[Information]
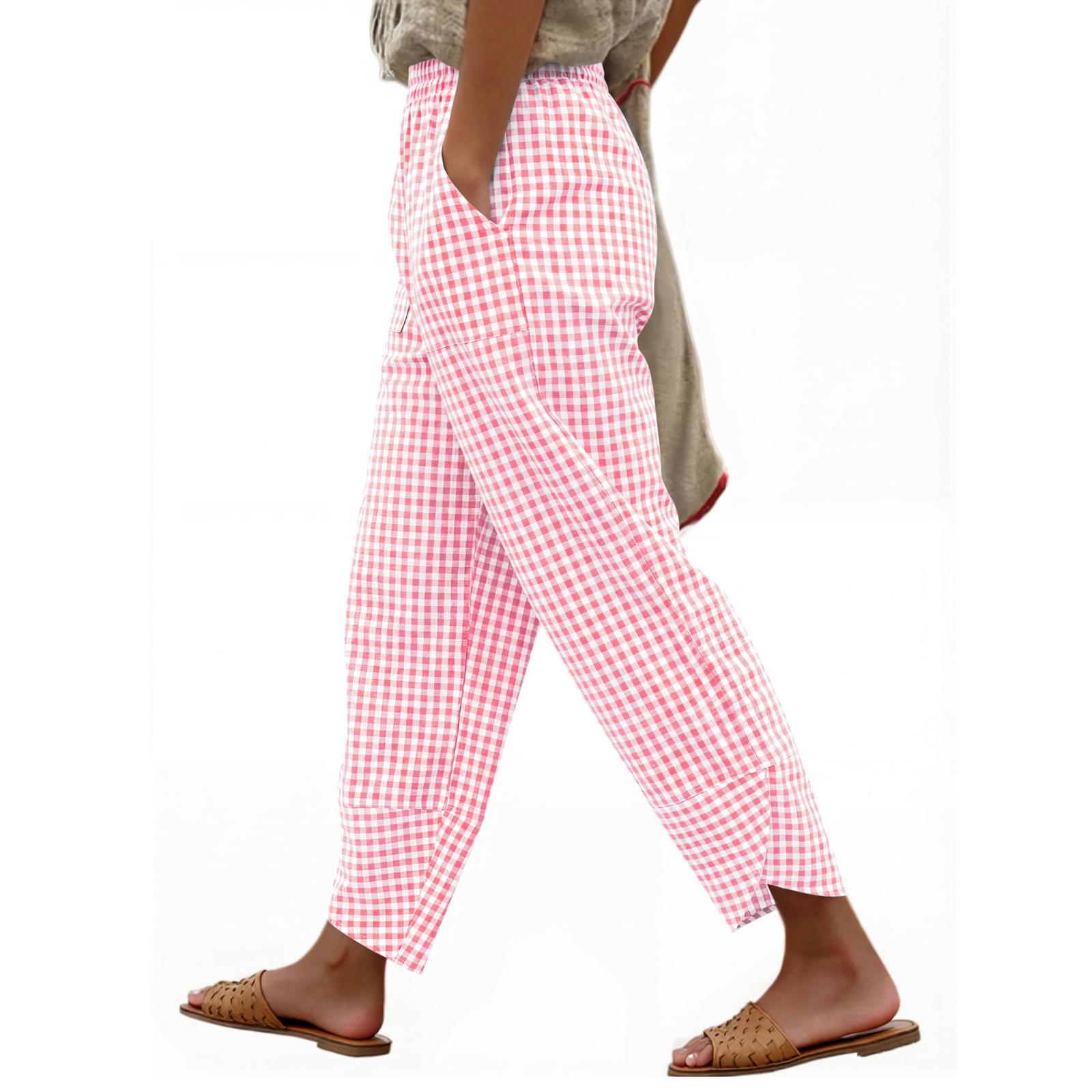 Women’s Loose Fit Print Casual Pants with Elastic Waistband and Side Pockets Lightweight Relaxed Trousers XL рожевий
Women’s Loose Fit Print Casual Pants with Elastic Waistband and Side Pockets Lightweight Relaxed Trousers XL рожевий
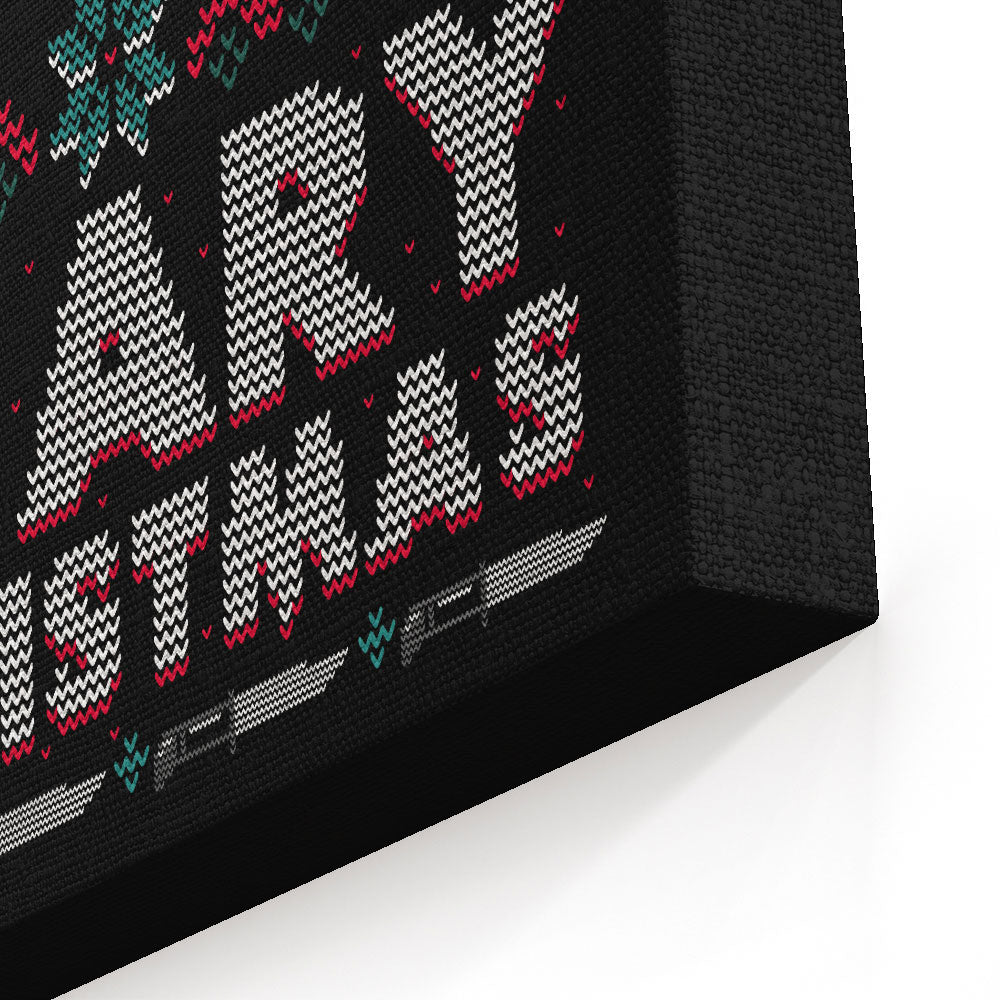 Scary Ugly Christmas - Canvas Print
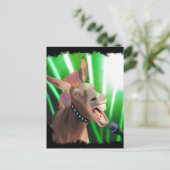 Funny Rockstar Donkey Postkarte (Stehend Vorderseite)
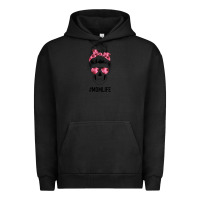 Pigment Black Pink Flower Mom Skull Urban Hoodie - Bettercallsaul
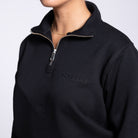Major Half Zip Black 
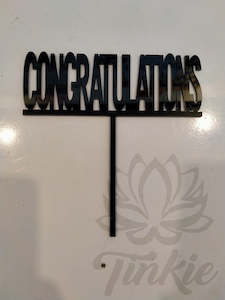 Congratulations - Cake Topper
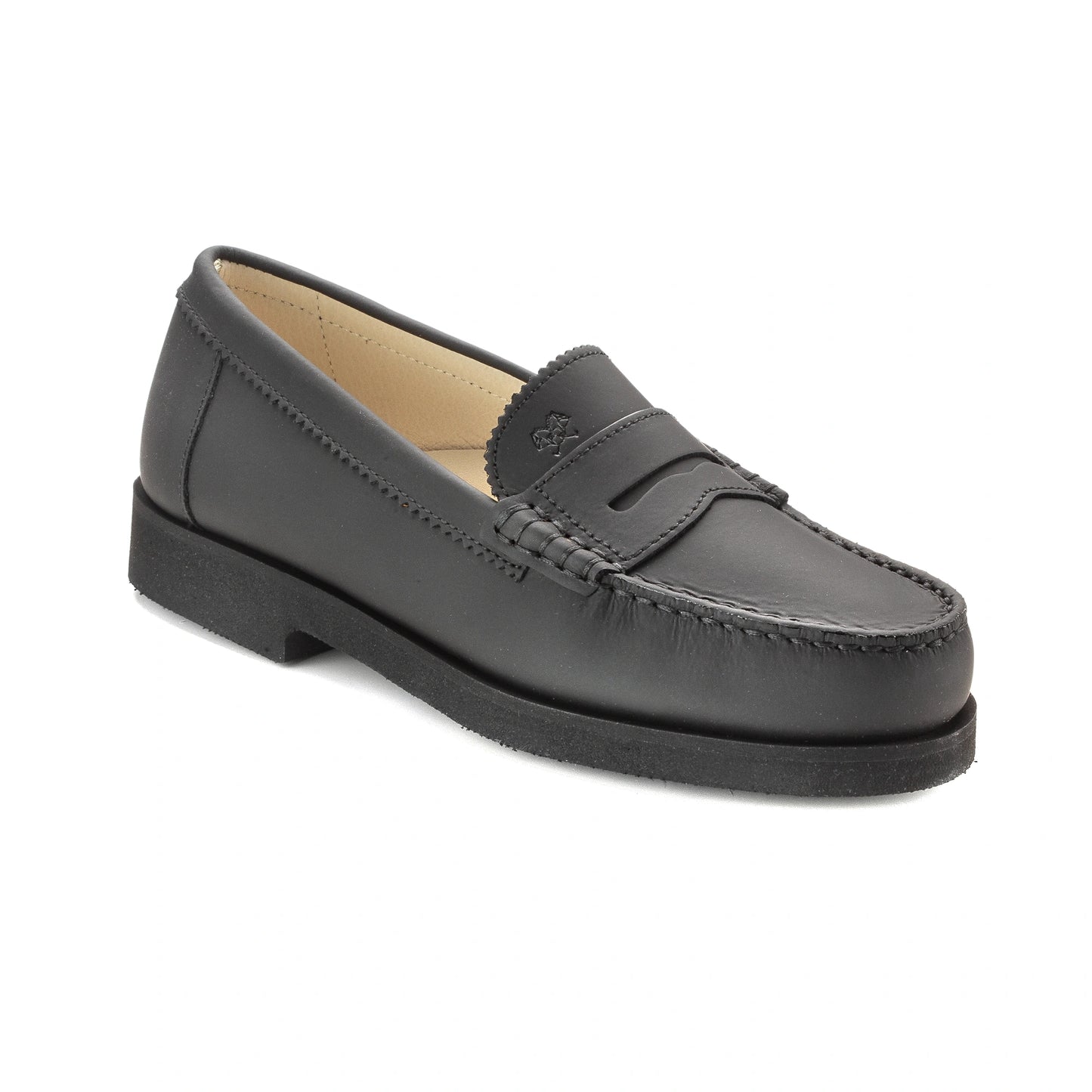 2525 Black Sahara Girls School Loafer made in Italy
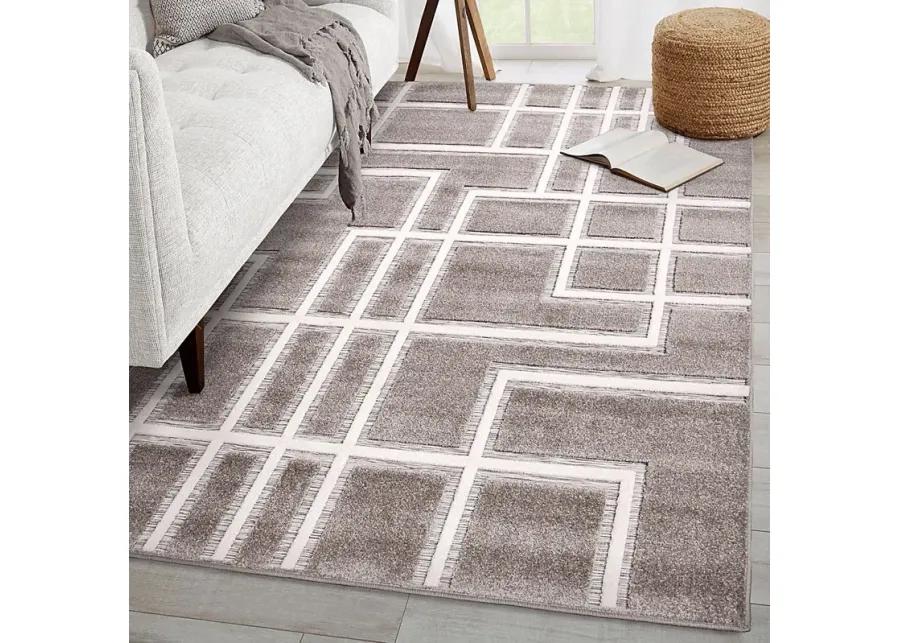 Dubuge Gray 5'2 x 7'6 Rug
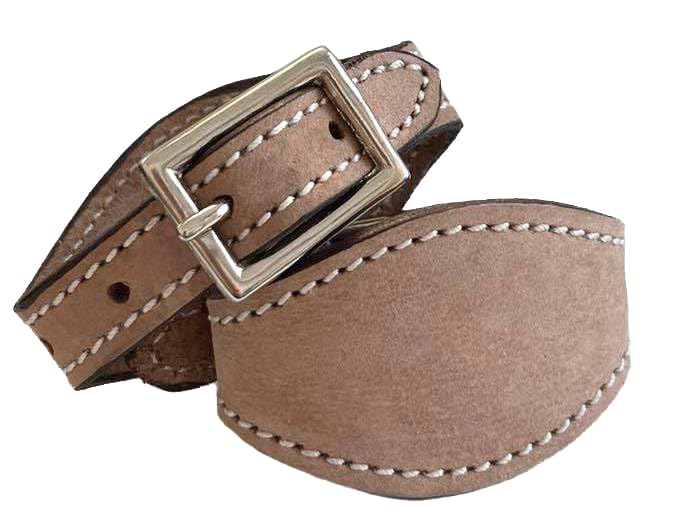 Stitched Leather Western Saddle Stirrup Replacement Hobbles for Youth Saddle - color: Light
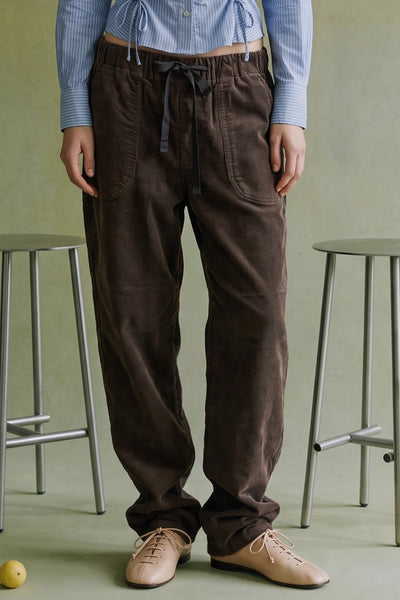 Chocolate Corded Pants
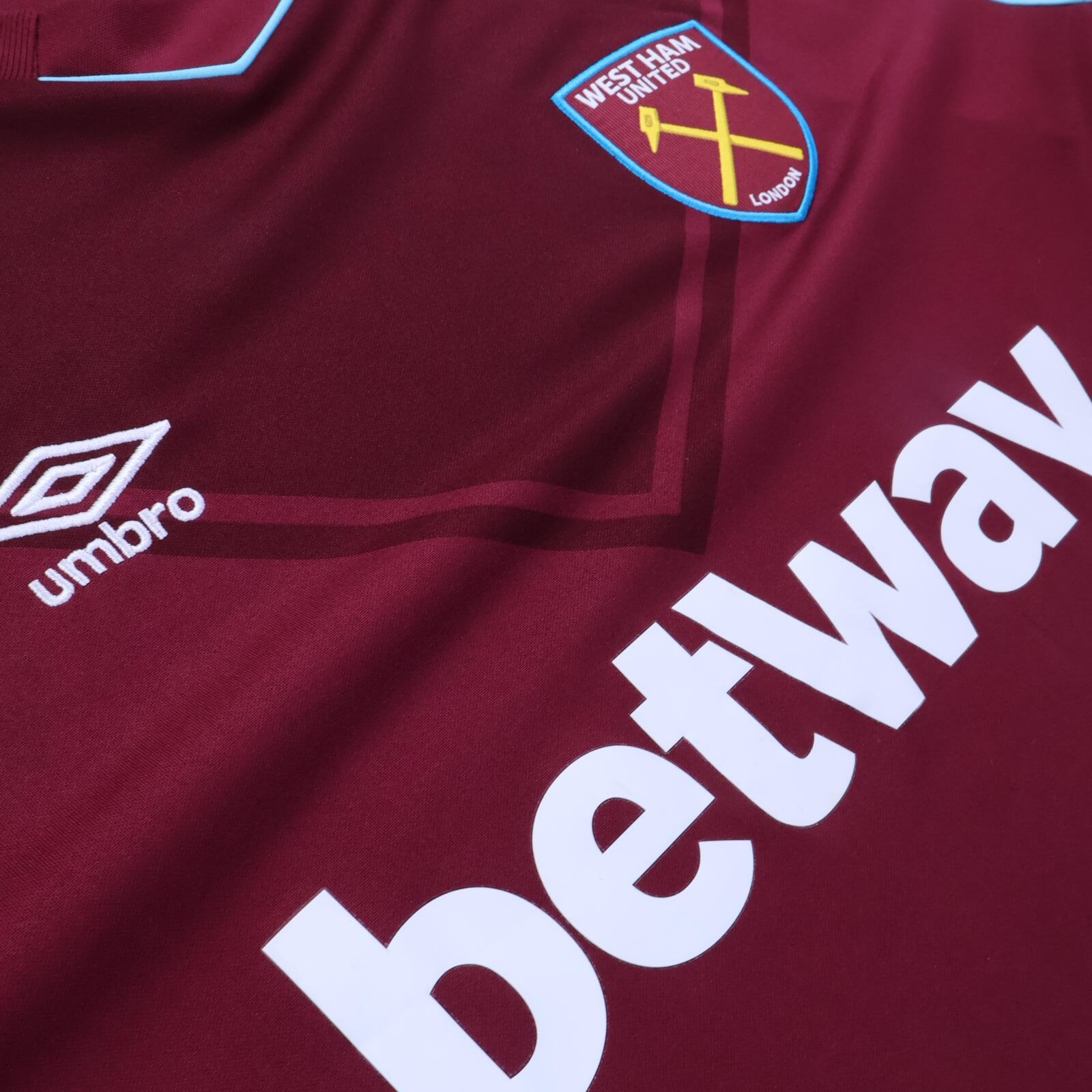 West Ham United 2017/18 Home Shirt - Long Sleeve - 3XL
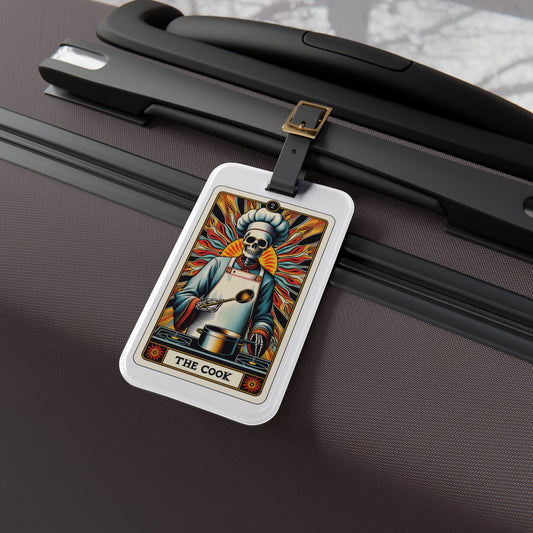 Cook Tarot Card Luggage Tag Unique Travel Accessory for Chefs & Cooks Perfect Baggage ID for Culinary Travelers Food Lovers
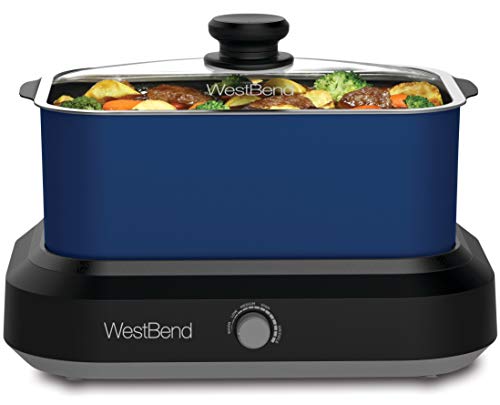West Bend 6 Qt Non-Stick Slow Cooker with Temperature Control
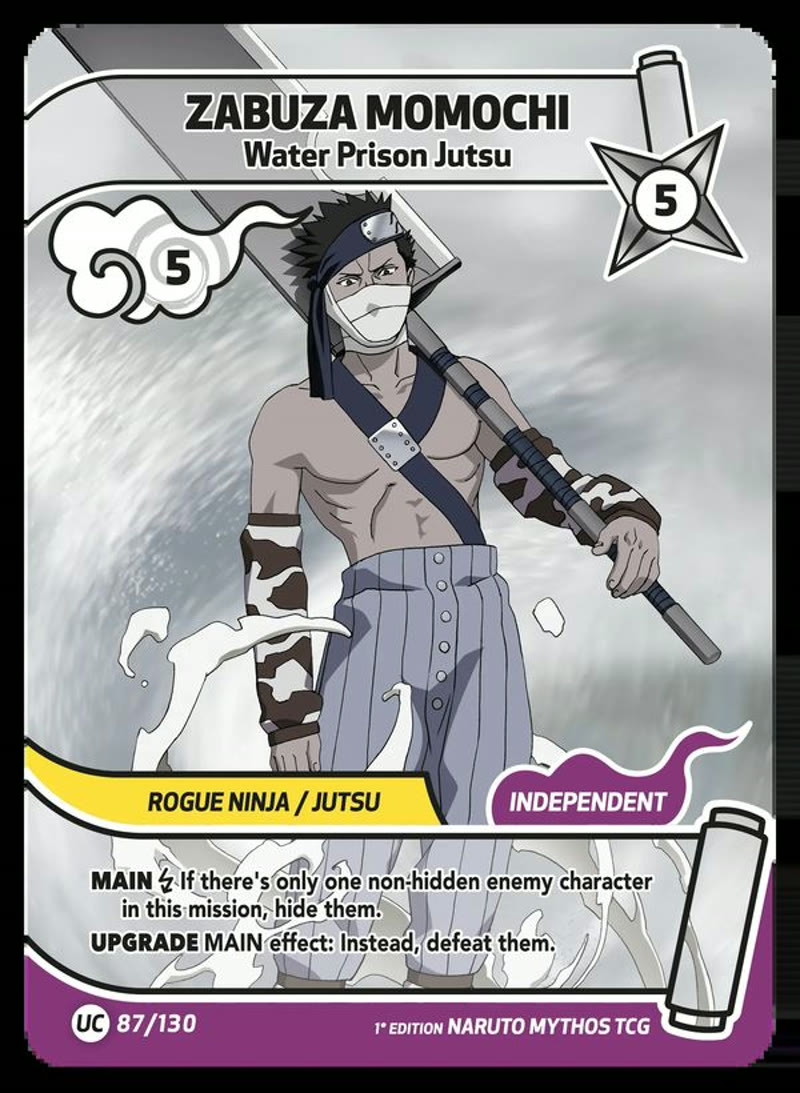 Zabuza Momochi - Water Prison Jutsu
[/Information]
Action item
Leave the pictures out and output exactly the lines above, from the start of the listing through the line with "Dubuge Gray 5'2 x 7'6 Rug".

Completed exercise
 Women’s Loose Fit Print Casual Pants with Elastic Waistband and Side Pockets Lightweight Relaxed Trousers XL рожевий
Women’s Loose Fit Print Casual Pants with Elastic Waistband and Side Pockets Lightweight Relaxed Trousers XL рожевий
 Scary Ugly Christmas - Canvas Print
 Funny Rockstar Donkey Postkarte (Stehend Vorderseite)
 Pigment Black Pink Flower Mom Skull Urban Hoodie - Bettercallsaul
Major Half Zip Black 
 Congratulations - Cake Topper
 2525 Black Sahara Girls School Loafer made in Italy
 Dubuge Gray 5'2 x 7'6 Rug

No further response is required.